To experience these works is ultimately to journey into states of consciousness. In the two Vorcex Series paintings from 1984, a series of internal frames bracket the viewer’s field of vision, offering portals of entry. In each, however, thick snake-like forms coil their way across the pictorial space and, seemingly, out into the gallery space as well, blocking the portal, appearing lyrical and decorative here, vulgar and threatening there. At first viewing, the monumental “Roberta’s Trip” (1985) offers a panoramic vista of a wondrous new realty in which everything is neatly ordered, rational and clear. Discrepancies in alignment and placement then begin to reveal themselves: forms float on nothing and go nowhere, perspective is askew, rhythms are broken, the whole indeterminate and in flux.
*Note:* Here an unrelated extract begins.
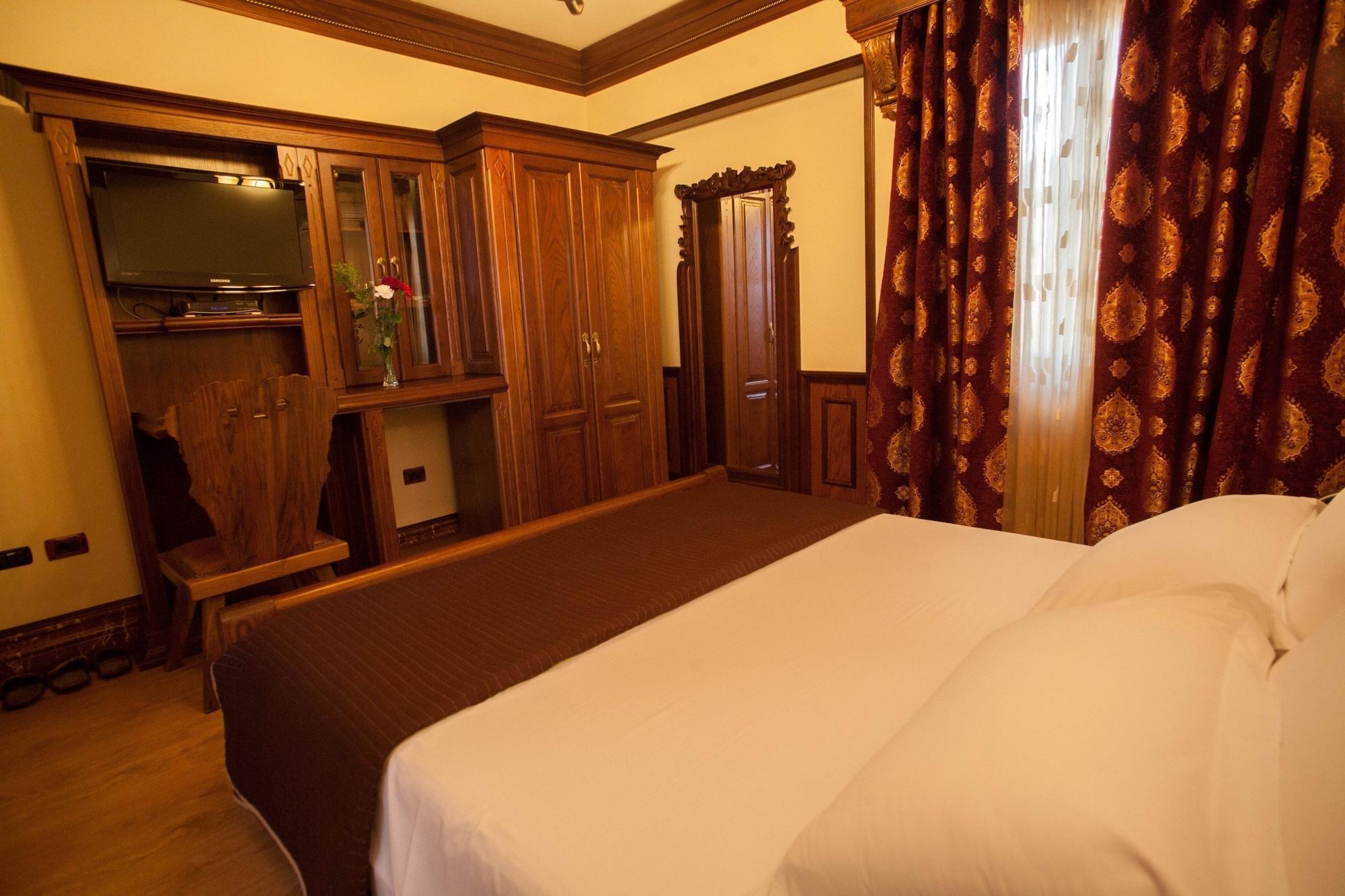 Brilant Antik Hotel Тирана Экстерьер фото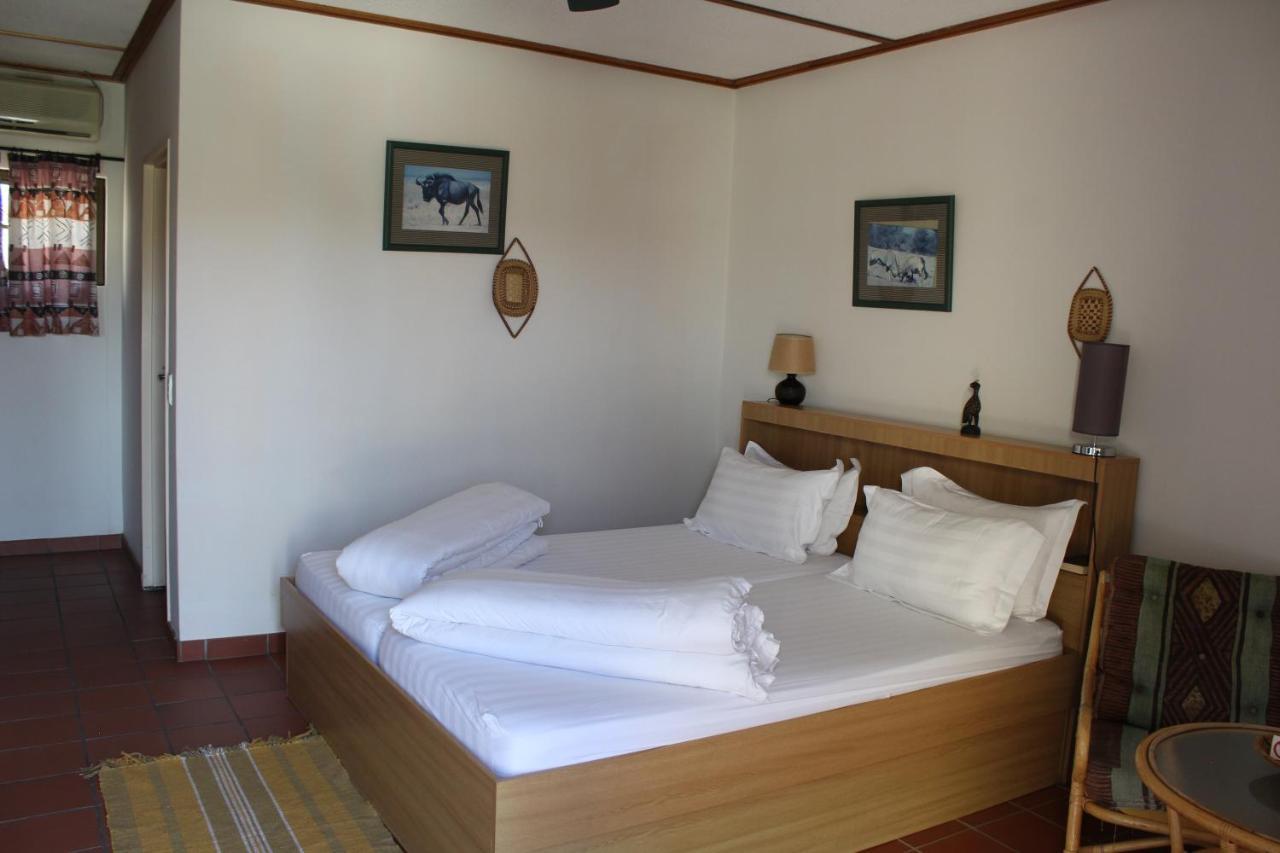 Onganga Hotel Pension Windhoek Kültér fotó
An emotional spectrum encompassing awe, delight, wonder, dismay, anxiety, and doubt are thus encountered within a single work. While speaking a language of precise forms, Held’s paintings of the middle eighties hark back to his Abstract Expressionist works of the 1950s, in which impulsive, painted gestures played a similarly evocative role, simultaneously structuring and subverting the overall composition.
From the vantage point of today, the surfaces of Held’s paintings of the mid-1980s appear, in fact, so pristine and the manipulations of perspective so complex and sophisticated that they suggest computer-generated design and digital imaging. Their angled projections into space call to mind, among other things, the colorful graphics of the Garmin GPS navigational system. Held, however, worked directly on canvas without the aid of technologically advanced media, each work the product of prolonged concentration and effort (some occupying him for over a year), the process one of constant revising, adjusting and over-painting.
The forward-looking nature of this work is enhanced with the recognition that Held’s constructed worlds, suspended as they are between representation and abstraction, quite literally set the stage for aspects of recent art. Held was an unnamed presence standing behind much of the work in the Whitney Museum’s Remote Viewing: Invented Worlds in Recent Painting and Drawing, curated by Elizabeth Sussman in 2005, the year of Held’s death. This show presented work by eight artists, including Franz Ackerman, Matthew Ritchie, Terry Winters, and Julie Mehretu, who create vast panoramas of alternate worlds that are experienced through time and make unapologetic use of illusionistic space. The Kasmin Gallery exhibition demonstrated that a major (even monumental, given the physical scale of his work) retrospective that spans the fifty-plus years of Held’s career is needed to assert the historical significance and contemporary relevance of an artist who grandly and poetically anticipated the way we navigate the twenty-first century world.